▶ What is being asked
Instruction for the data below: set down exactly the lines from the line with "WeWoreWhat low back" to the line with "Topman Mens Blue", inclusive, and no others.

▶ Extracted material
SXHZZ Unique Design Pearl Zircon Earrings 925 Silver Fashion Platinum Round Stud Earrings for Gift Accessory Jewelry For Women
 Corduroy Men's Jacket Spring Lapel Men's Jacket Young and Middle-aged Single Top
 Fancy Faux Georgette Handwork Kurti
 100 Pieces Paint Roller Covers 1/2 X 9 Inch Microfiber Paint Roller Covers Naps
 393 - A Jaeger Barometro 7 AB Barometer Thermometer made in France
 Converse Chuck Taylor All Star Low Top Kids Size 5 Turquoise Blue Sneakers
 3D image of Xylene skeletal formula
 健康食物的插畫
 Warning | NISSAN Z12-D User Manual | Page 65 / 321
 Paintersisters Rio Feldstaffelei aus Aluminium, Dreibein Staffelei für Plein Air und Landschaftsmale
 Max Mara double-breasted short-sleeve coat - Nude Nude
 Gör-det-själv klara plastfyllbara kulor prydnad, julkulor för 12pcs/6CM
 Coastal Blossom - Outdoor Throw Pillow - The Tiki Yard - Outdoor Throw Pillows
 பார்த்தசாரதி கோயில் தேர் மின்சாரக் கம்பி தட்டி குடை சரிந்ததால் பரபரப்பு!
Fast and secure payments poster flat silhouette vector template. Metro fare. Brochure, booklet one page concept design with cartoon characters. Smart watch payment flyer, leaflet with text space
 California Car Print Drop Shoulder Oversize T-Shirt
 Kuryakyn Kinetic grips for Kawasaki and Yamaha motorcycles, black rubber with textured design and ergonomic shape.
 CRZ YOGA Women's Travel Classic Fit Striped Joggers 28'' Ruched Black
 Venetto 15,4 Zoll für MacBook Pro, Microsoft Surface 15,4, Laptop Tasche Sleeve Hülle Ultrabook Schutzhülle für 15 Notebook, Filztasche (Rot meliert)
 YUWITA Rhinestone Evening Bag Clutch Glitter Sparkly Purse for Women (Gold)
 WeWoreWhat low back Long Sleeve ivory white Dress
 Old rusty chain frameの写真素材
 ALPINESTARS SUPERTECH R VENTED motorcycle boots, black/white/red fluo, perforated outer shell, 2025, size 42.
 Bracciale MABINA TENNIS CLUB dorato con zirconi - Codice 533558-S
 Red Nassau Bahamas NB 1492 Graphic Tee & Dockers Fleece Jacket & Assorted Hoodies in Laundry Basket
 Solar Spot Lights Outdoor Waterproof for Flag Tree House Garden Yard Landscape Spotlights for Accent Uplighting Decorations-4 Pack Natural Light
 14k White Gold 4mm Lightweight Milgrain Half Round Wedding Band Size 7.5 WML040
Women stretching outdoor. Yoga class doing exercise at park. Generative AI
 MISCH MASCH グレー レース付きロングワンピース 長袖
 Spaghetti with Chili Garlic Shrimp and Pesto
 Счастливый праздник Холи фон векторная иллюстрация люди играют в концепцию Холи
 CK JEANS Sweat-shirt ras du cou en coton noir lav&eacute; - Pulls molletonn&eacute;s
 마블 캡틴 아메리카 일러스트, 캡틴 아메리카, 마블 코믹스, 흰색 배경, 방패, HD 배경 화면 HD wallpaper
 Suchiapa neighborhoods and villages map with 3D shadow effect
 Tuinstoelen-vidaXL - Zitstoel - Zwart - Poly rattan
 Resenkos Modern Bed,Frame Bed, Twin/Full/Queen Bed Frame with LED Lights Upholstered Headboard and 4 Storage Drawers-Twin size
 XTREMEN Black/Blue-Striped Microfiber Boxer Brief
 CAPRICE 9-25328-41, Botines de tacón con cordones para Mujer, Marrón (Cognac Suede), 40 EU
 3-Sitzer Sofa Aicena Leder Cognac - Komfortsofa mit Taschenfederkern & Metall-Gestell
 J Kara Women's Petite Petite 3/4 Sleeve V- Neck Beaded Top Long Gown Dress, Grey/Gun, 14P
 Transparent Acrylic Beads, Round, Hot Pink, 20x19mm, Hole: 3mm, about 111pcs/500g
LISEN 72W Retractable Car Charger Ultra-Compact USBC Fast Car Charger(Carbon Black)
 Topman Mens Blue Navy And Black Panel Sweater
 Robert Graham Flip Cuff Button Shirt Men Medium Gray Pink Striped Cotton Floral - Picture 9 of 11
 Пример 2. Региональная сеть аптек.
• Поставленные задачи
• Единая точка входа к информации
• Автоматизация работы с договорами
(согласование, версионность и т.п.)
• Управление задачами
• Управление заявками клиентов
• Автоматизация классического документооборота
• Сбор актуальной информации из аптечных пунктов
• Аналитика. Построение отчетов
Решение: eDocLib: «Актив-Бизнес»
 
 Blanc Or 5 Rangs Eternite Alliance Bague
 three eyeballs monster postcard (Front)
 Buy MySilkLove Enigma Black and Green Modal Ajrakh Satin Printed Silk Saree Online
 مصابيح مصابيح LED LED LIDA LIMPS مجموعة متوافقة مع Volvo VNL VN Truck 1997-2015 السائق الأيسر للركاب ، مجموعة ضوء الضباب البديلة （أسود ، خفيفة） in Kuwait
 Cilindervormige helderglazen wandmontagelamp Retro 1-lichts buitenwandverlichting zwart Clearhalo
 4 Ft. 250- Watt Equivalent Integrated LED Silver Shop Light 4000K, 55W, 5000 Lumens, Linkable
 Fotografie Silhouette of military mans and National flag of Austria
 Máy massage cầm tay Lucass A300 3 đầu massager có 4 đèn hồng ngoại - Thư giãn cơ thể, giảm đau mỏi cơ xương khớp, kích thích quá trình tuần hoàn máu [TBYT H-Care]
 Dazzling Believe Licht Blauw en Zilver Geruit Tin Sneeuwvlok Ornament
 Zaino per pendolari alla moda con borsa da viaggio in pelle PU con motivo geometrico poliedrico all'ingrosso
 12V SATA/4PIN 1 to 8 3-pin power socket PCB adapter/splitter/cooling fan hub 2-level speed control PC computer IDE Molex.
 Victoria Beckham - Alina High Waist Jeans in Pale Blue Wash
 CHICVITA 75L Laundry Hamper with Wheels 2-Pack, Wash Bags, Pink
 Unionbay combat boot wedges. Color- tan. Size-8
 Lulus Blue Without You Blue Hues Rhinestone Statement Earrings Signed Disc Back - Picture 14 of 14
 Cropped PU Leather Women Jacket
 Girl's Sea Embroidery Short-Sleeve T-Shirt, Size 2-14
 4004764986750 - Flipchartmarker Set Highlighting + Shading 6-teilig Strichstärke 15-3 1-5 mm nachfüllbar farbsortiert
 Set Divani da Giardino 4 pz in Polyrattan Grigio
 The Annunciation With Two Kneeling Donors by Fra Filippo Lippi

▶ Written response
 WeWoreWhat low back Long Sleeve ivory white Dress
 Old rusty chain frameの写真素材
 ALPINESTARS SUPERTECH R VENTED motorcycle boots, black/white/red fluo, perforated outer shell, 2025, size 42.
 Bracciale MABINA TENNIS CLUB dorato con zirconi - Codice 533558-S
 Red Nassau Bahamas NB 1492 Graphic Tee & Dockers Fleece Jacket & Assorted Hoodies in Laundry Basket
 Solar Spot Lights Outdoor Waterproof for Flag Tree House Garden Yard Landscape Spotlights for Accent Uplighting Decorations-4 Pack Natural Light
 14k White Gold 4mm Lightweight Milgrain Half Round Wedding Band Size 7.5 WML040
Women stretching outdoor. Yoga class doing exercise at park. Generative AI
 MISCH MASCH グレー レース付きロングワンピース 長袖
 Spaghetti with Chili Garlic Shrimp and Pesto
 Счастливый праздник Холи фон векторная иллюстрация люди играют в концепцию Холи
 CK JEANS Sweat-shirt ras du cou en coton noir lav&eacute; - Pulls molletonn&eacute;s
 마블 캡틴 아메리카 일러스트, 캡틴 아메리카, 마블 코믹스, 흰색 배경, 방패, HD 배경 화면 HD wallpaper
 Suchiapa neighborhoods and villages map with 3D shadow effect
 Tuinstoelen-vidaXL - Zitstoel - Zwart - Poly rattan
 Resenkos Modern Bed,Frame Bed, Twin/Full/Queen Bed Frame with LED Lights Upholstered Headboard and 4 Storage Drawers-Twin size
 XTREMEN Black/Blue-Striped Microfiber Boxer Brief
 CAPRICE 9-25328-41, Botines de tacón con cordones para Mujer, Marrón (Cognac Suede), 40 EU
 3-Sitzer Sofa Aicena Leder Cognac - Komfortsofa mit Taschenfederkern & Metall-Gestell
 J Kara Women's Petite Petite 3/4 Sleeve V- Neck Beaded Top Long Gown Dress, Grey/Gun, 14P
 Transparent Acrylic Beads, Round, Hot Pink, 20x19mm, Hole: 3mm, about 111pcs/500g
LISEN 72W Retractable Car Charger Ultra-Compact USBC Fast Car Charger(Carbon Black)
 Topman Mens Blue Navy And Black Panel Sweater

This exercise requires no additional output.